Deux rois pour un trône. C’est un «Dallas africain» qui passionne actuellement toute l’Afrique du Sud. En réclamant que le régent Azenathi effectue un test ADN afin de prouver qu’il est bien son fils, le roi des Thembus, Buyelekhaya Dalindyebo, tente de récupérer par tous les moyens, un trône dont il a été déchu en 2014.
Le 13 mars dernier, Buyelekhaya Dalindyebo a surgi dans l’enceinte royale, hache à la main et a ravagé le palais de Bumbane avec ses partisans. Ivre de colère, il a fallu l’intervention des gardes afin d’éviter le pire.
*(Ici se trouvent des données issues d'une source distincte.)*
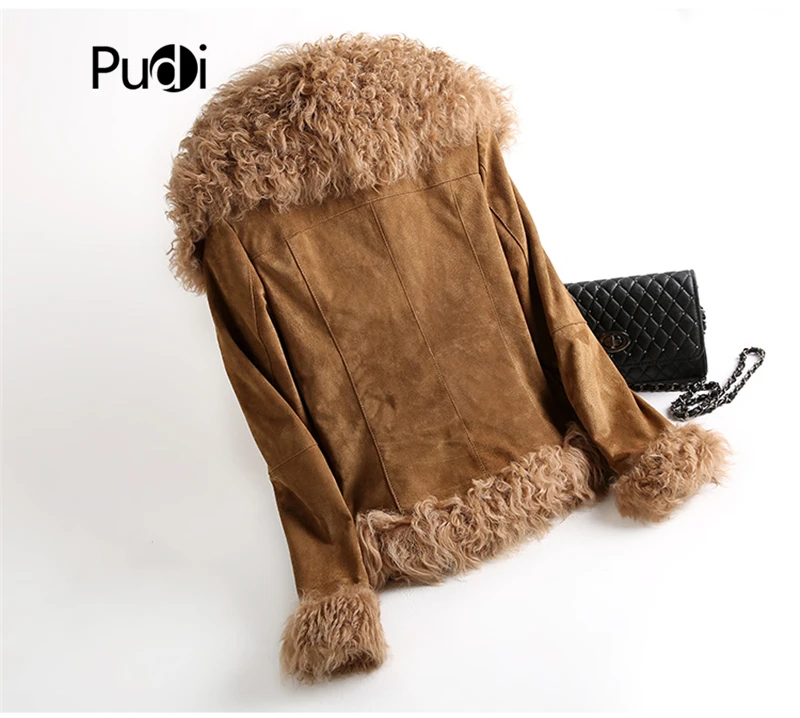 PUDI CT930 Женское зимнее теплое пальто из натурального овечьего меха, Женская куртка из натуральной свиной кожи, пальто для девочек
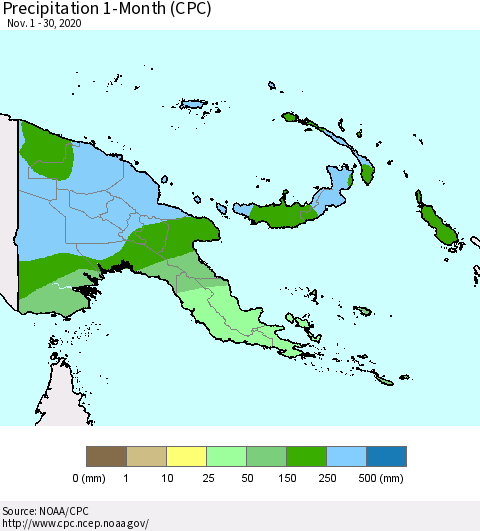 Papua New Guinea Precipitation 1-Month (CPC) Thematic Map For 11/1/2020 - 11/30/2020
Un des témoins présents sur place a évoqué « une scène d’une violence inouïe » sur les ondes de la SABC, une des chaînes de la télévision sud-africaine. L’épouse du régent Azenathi a même dû être évacuée dans un hôpital. C’est en 1986 que Buyelekhaya Dalindyebo, neveu du président Nelson Mandela, monte sur le trône de cette tribu, une sous-ethnie xhosa. Le destin de ce souverain traditionnel bascule en mai 2005. Arrêté sous l’œil des caméras, il est inculpé pour fraude, incendie, kidnapping et meurtre sous l’emprise de stupéfiants. Le roi s’est mué en véritable dictateur et il faudra l’intervention de différents chefs de la tribu, qui le décrivent comme «un être diabolique», pour qu’il soit destitué de son trône. Depuis, il n'a cessé de ronger son frein.
Un de ses fils, Azenathi, est alors désigné à la tête d’une régence., le temps qu'il purge ses 12 ans de prison. pardonné en décembre 2019 par le président Cyril Ramaphosa, il réclame de nouveau son trône lors de sa libération. En vain. Buyelekhaya Dalindyebo, consommateur de dagga, la marijuana locale, va renouer rapidement avec ses démons. « Le régent a peut–être obtenu un droit de restriction contre son père mais rien n’arrêtera Dalindyebo de reprendre sa place qui est la sienne au palais » a averti le porte- parole du monarque déchu, peu de temps après l’incident du palais. C’est désormais deux clans familiaux qui se regardent en « hyènes de faïences ».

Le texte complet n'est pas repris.